Extreme Dialogue aims to build resilience to radicalisation among young people through a series of open-access educational resources and highly engaging short films that foster critical thinking and digital literacy skills. Extreme Dialogue encourages safe, constructive discussions around extremism and radicalisation in educational or community settings in the UK, Canada, Germany and Hungary.
A series of short documentary films tell the personal stories of Canadians and Europeans profoundly affected by extremism; a former member of the extreme far-right in Canada, a mother from Calgary whose son was killed fighting for ISIS in Syria, a youth worker and former refugee from Somalia, a former member of the Ulster Volunteer Force (UVF) whose father was killed by the IRA, a former member of the now banned UK Islamist group al-Muhajiroun, a Syrian refugee now living in Berlin, and a member of a Roma community in Hungary targeted by far-right demonstrations.

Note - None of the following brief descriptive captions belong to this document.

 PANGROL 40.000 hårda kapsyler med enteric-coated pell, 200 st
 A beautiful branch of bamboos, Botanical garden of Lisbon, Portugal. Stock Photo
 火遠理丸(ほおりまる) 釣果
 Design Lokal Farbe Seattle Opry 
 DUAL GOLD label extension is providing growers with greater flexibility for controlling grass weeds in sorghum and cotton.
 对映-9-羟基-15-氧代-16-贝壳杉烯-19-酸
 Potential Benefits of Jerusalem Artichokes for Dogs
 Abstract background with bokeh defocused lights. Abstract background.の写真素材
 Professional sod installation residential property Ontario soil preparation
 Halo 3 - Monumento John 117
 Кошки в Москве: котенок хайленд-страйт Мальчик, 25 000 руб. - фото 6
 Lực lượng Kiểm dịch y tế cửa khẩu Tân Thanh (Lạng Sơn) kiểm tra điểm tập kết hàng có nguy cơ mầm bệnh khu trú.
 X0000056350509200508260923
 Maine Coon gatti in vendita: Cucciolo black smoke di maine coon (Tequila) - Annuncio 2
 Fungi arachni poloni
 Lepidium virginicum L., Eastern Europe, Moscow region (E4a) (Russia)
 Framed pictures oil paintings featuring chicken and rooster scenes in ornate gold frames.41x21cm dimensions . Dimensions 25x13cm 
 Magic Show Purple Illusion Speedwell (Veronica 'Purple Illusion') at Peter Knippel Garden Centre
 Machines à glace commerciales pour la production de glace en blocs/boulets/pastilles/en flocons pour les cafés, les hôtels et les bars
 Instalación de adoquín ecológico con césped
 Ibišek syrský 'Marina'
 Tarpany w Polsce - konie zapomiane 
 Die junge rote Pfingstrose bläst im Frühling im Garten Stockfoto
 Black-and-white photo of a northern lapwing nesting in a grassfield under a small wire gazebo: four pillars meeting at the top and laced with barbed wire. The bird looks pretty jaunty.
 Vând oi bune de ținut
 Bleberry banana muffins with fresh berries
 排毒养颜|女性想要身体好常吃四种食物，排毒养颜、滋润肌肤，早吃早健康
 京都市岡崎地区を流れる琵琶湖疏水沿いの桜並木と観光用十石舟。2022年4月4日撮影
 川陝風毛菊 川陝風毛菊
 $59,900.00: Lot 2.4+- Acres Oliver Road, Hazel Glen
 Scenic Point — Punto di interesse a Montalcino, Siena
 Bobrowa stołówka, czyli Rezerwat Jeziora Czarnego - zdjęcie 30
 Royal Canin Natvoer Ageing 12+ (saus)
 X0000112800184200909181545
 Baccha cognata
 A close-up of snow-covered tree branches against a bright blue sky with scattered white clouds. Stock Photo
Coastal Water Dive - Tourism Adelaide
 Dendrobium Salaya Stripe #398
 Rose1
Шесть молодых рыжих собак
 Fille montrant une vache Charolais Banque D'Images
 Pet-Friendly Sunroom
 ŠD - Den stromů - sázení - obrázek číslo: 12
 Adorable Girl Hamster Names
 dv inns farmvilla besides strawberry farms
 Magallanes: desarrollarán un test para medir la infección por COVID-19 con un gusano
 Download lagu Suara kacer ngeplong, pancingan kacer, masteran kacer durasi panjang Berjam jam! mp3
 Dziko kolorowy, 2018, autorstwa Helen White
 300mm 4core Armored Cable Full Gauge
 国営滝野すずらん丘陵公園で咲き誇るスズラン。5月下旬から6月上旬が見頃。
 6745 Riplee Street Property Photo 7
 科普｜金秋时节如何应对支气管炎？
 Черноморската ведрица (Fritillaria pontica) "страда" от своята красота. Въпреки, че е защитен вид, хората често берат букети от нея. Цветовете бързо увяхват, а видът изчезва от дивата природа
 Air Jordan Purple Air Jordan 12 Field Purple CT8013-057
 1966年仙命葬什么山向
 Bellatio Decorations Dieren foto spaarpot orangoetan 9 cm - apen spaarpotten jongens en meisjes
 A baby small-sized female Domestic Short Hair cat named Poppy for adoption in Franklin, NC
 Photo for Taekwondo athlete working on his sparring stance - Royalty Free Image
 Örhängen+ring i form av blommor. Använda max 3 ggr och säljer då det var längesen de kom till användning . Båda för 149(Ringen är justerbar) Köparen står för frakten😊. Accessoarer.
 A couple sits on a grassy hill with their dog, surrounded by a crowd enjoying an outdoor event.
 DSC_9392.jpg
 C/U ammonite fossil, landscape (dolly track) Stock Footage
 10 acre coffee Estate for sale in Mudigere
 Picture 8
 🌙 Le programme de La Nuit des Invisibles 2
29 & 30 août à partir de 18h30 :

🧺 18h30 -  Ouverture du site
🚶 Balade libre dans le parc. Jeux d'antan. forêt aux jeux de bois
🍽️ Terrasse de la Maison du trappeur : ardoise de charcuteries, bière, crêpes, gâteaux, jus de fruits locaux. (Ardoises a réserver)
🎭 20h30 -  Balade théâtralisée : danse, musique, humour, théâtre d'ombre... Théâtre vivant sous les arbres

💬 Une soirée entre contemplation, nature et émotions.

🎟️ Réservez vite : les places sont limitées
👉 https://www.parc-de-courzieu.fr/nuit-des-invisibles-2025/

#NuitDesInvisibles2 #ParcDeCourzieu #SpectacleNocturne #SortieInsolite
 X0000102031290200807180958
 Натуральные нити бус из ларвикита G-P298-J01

The films are accompanied by a set of educational resources that can be used with young people in classrooms or community settings, and are intended to build resilience to extremism by creating a safe space for debating controversial issues and enhancing critical thinking. These resources include Prezi presentations and practitioners’ resource packs and are available via the “Educational Resources” pages (in English, German and Hungarian, with the Canadian resources also available in French). Extreme Dialogue also provides training and delivery guidance around the use of the films and resources with young people, in order to give teachers and other youth practitioners the confidence needed to enable debates about contentious subjects.